The artist’s interiors are also marked by a dreamy, surreal atmosphere. Influenced by Ukiyo-e, or “floating world,” Japanese prints of the seventeenth to nineteenth centuries, Ojih Odutola frees her compositions from strict perspectival order, animating flattened areas such as walls and floors. A striking example of the artist’s activated, stylized spaces appears in Years Later – Her Scarf (2017), in which a man sits uneasily with the eponymous scarf (presumably from a past lover) clutched tightly in his hands. Instead of receding in perspective, the floorboards slant toward the viewer, pulling us into the composition, while the figure’s magnetic gaze draws us in even further. Through multiple vanishing points, Ojih Odutola throws her compositions off-kilter, creating the effect of an ever-expanding room. Framing devices such as doorways, windows, and mirrors, which often reveal mysterious sightlines, emphasize these deliberately skewed and dramatic angles. In another full-length figure drawing, Unclaimed Estates (2017), a man deep in contemplation leans coolly against a wall. Flanked on either side by an open doorway and a mirror, his body is positioned parallel to the corners of the room, where the angled walls and floors seem to bend in unlikely directions, trapping him within the tight vertical space. The mirror next to him hangs, impossibly, in a corner. Ojih Odutola sneaks in such irrational details throughout, subverting the rules of conventional representation while further pushing the psychological narrative.
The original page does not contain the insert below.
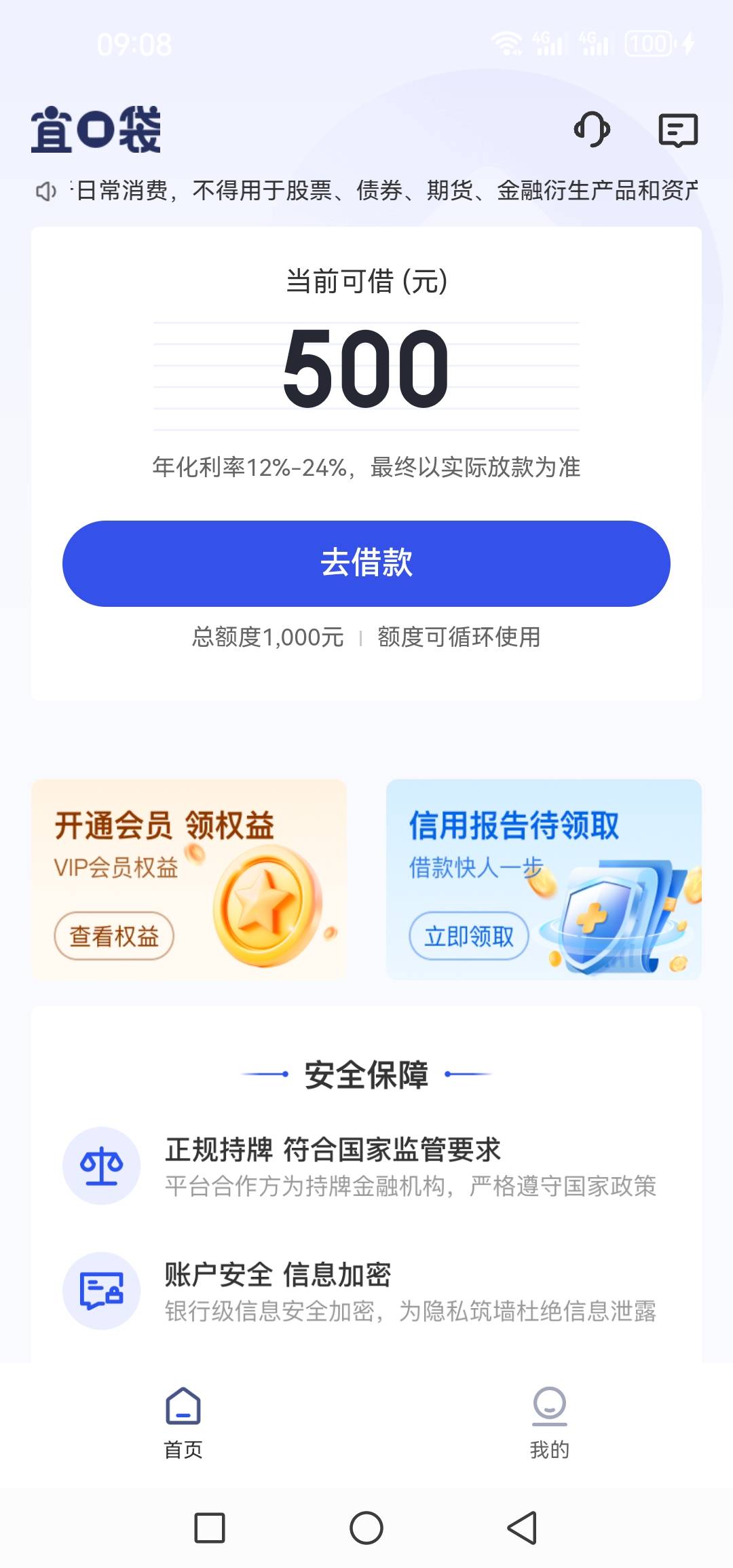 看有橙心额度消失的我变成这样了……本体额度还在宜口的备用金入口没了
Ojih Odutola’s works resonate with feelings ranging from nostalgia and melancholy to contemplation and empowerment. The interiority of her subjects is powerfully articulated through their faraway looks and weary glances, in the drape of a blazer, or by the slouch (or lift) of a shoulder. Engaging with the vast history of portraiture, she reinvigorates a genre that has largely excluded the representation of nonwhite figures through her nuanced examinations of skin color and class. Understanding identity as fluid and multifaceted, she discredits any notion of the self as either singular or fixed. Each of Ojih Odutola’s composite figures, based on an assortment of features and poses drawn from family members, friends, and the artist herself, as well as different emotional and psychological states, can be understood as a “mood,” she explains, rather than “necessarily dealing with a specific person in a place and time.”Unpublished audio interview with the artist.Even knowing this, it is challenging for viewers to resist the urge to identify her figures—to look for someone we might recognize. Drawn in by her subjects’ often wandering gazes, it is easy to become lost in the continuous, sinewy patterns of their skin. Likewise, the intricacies of the imagined backdrop—landscape or interior—spill into the figures themselves, uniting them as one and the same. In many ways, the figures’ surroundings are an extension of their identities—a portrait of the tenor that they evoke. Within the bold, terrain-like patterning, the artist plays with dense layers of exaggerated color and line, implying a sense of movement and malleability—elements symbolic of the mercurial and metamorphic wandering self.